Ci sarà stato un debutto ufficiale però… «Sì certo, a Bassano del Grappa con un’opera di Verdi, Il Trovatore. Ero Ferrando e avrò avuto ventitre anni. Il cast era composto dalla Cedolins, da Cecchele e dal baritono Cebrian, tre voci importanti. Mi trattavano tutti come il ragazzino della compagnia. Io lasciavo fare. Posso dire che ancor oggi il mio lavoro lo faccio con lo spirito di quando giocavo al teatro da bambino, con le marionette che agivano sulla base musicale dei miei primi dischi…»
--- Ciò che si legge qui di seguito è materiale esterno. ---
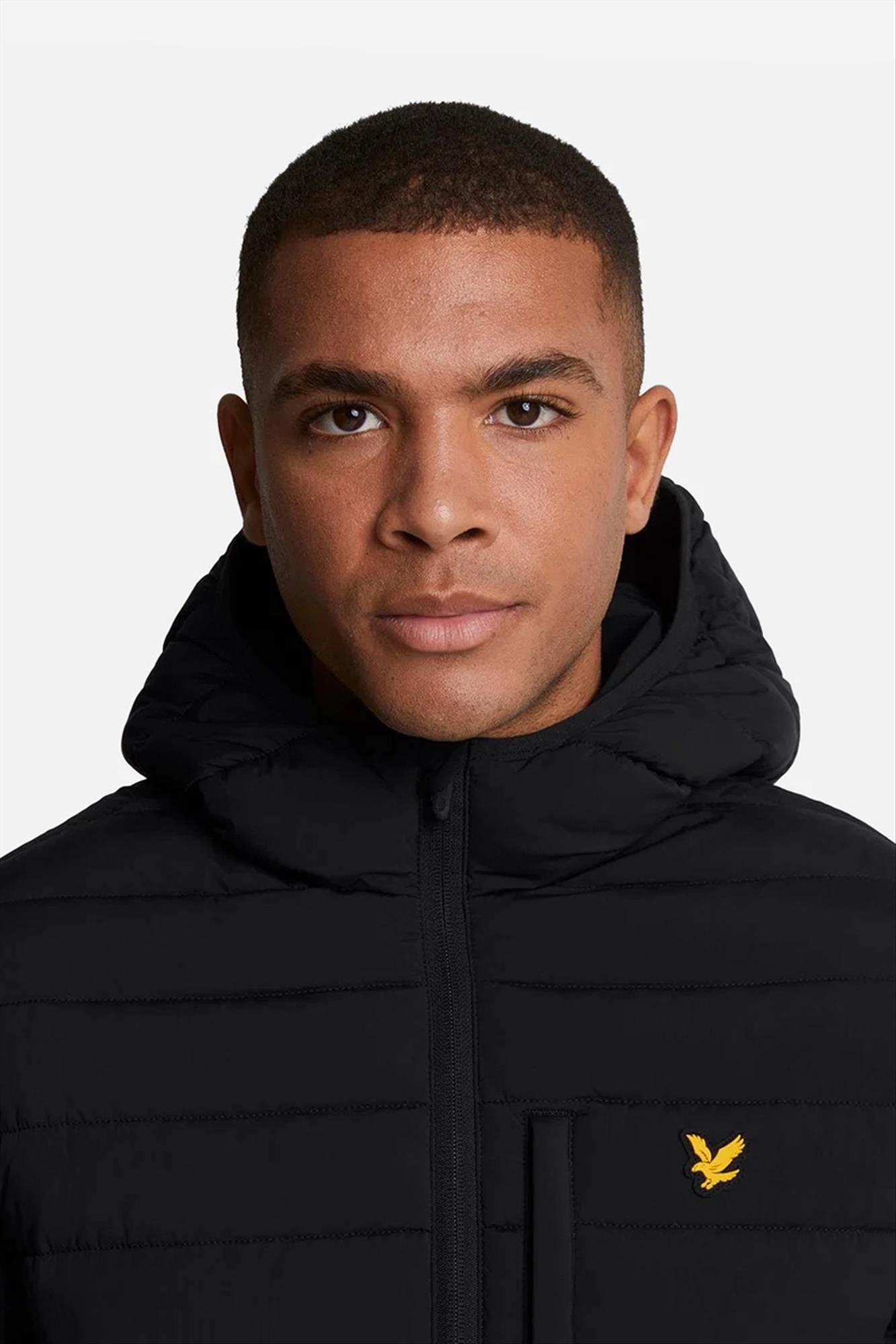Lyle & Scott - Zwarte Lightweight Quilted jas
Agli inizi è importante saper scegliere il repertorio giusto, lei come ha fatto? «E’ importante avere, da subito, un agente capace che ti sappia consigliare il repertorio giusto. Sfrutta la voce ancora fresca e il fisico giovane, mi è stato consigliato, e affronta Mozart e Rossini. Sono stati i miei più grandi Maestri di canto. Una scuola di recitazione, oltretutto, per i tanti recitativi che devi fare arrivare al pubblico. Finisci per approfondirli a tal punto da arrivare a valorizzarne anche i silenzi. Rossini, se non stai attento a cosa stai facendo mentre canti, non finisci nemmeno la frase. Al Malibran mi offrirono di cantare la Morte dell’aria di Petrassi in una serata che comprendeva anche Il Cordovano. Avevo paura a cantarla. Ci avevo messo tanto di quel tempo per studiarla e poi tutto si risolse nelle recite che facemmo a Venezia. In quel periodo mettere in cartellone Petrassi era quasi rivoluzionario, non era più il periodo del Teatro delle Novità quando al Donizetti di Bergamo di opere nuove ce n’erano tante ogni anno. Oggi si ricomincia a scrivere opera, speriamo che si vada avanti in questo senso, perché in caso contrario, il teatro d’opera non ha più futuro».

Le è capitato, di recente, di affrontare a Vienna il personaggio di Kaspar in Der Freischütz di Weber e lo ha cantato in tedesco, Che difficoltà comporta cambiare lingua?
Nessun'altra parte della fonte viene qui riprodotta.